A Paleo Diet children's book - an experiment in group creativity

NewOrleans said:
Interesting conversation! Muxel did raise an important point: Children's books are told in pictures. Maybe it's best that I just START now, having a handful of suggestions from people. I'll just do it and incorporate what seems like a good fit. When I get to a stage where I can present full color pages maybe we can have a new presentation and response. Some new ideas were presented that have possibilities and things I didn't consider before, so, THANK YOU everyone. Onward. :)

I guess people do have different learning/thinking styles I could easily see crafting a story with pictures and adding the text afterwards. Or combining the visual and analytical approach... Make an outline, decide how long it should be roughly, create pictures, and add text. I think we have 3 elements right now:

(1) Intro - I also liked the archaeologist dad and the flashback, but is it enough of an intro? Should there be something going on in the present so that the time with the paleo-family is a sort of quest?

(2) Time with the paleo-family - There are quite a few ideas about what should be going on.
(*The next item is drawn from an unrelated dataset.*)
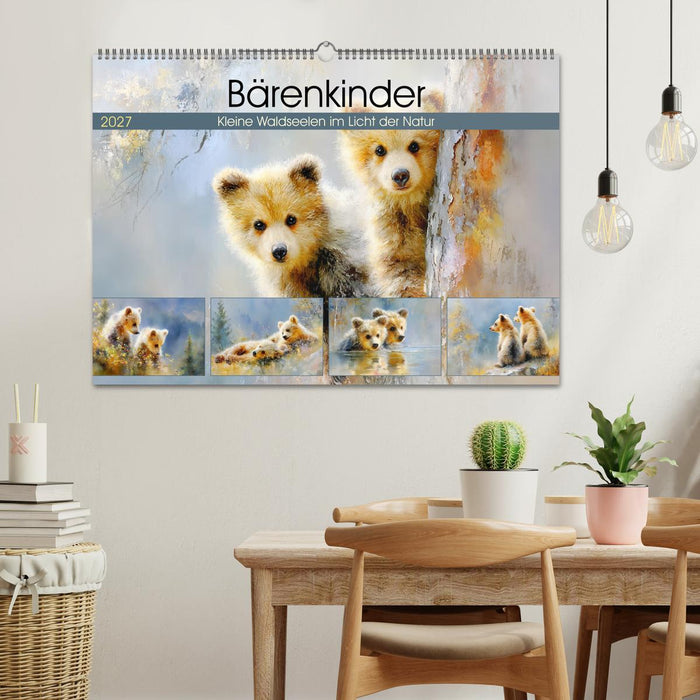 Bärenkinder. Kleine Waldseelen im Licht der Natur (CALVENDO Wandkalender 2027)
(3) Conclusion - This seems tricky. There should be a completion of a quest or something like a lesson learned or some way in general that what was learned in the past is brought into the present.
 
Sounds like a good outline, Patience. I'll continue to read, think and design some pages next. Everything is an opportunity to learn.
 
Hi NewOrleans,

WOW, great job so far! :thup:

NewOrleans said:
04-Picture.jpg
Someone please correct me if I'm wrong, but wouldn't it be correct to use "alright" instead of "all right" in this text?

NewOrleans said:
And please someone call me out if I'm the only one seeing "peepee" and "poo" in the names. Excuse my potty mouth here. I read it last night, slept on it, read it again, and just decided I'd post it in case. :halo:

Muxel said:
1. Children's books are told in pictures, not words. Pages of beautifully intricate visuals, with a few words or none at all.
This is not true in all cases. I worked at a library for eight years and read hundreds of children's books during the weekly story time with the kids. In some books every other page was just text, but those ones all had illustrations on the pages next to the text. It really depends on what children's age group you're aiming for and what information you want to share. In addition, children's books are often read by others to the children while the child looks at the pictures and learns new words.

Your ideas and the ones you mentioned you liked so far sound really good to me! I think the time machine is a good idea too! From what I've observed about the content of children's books and kids' responses to them, they seem to really enjoy fantasy.
 
Scarlet said:
Muxel said:
1. Children's books are told in pictures, not words. Pages of beautifully intricate visuals, with a few words or none at all.
This is not true in all cases. I worked at a library for eight years and read hundreds of children's books during the weekly story time with the kids. In some books every other page was just text, but those ones all had illustrations on the pages next to the text. It really depends on what children's age group you're aiming for and what information you want to share. In addition, children's books are often read by others to the children while the child looks at the pictures and learns new words.

I agree that it depends on the children's age group. I really don't like the way books are going for older children, which my daughter is one, at the moment. Many of them are mostly pictures with terse conversations. A kind of "fast food" books.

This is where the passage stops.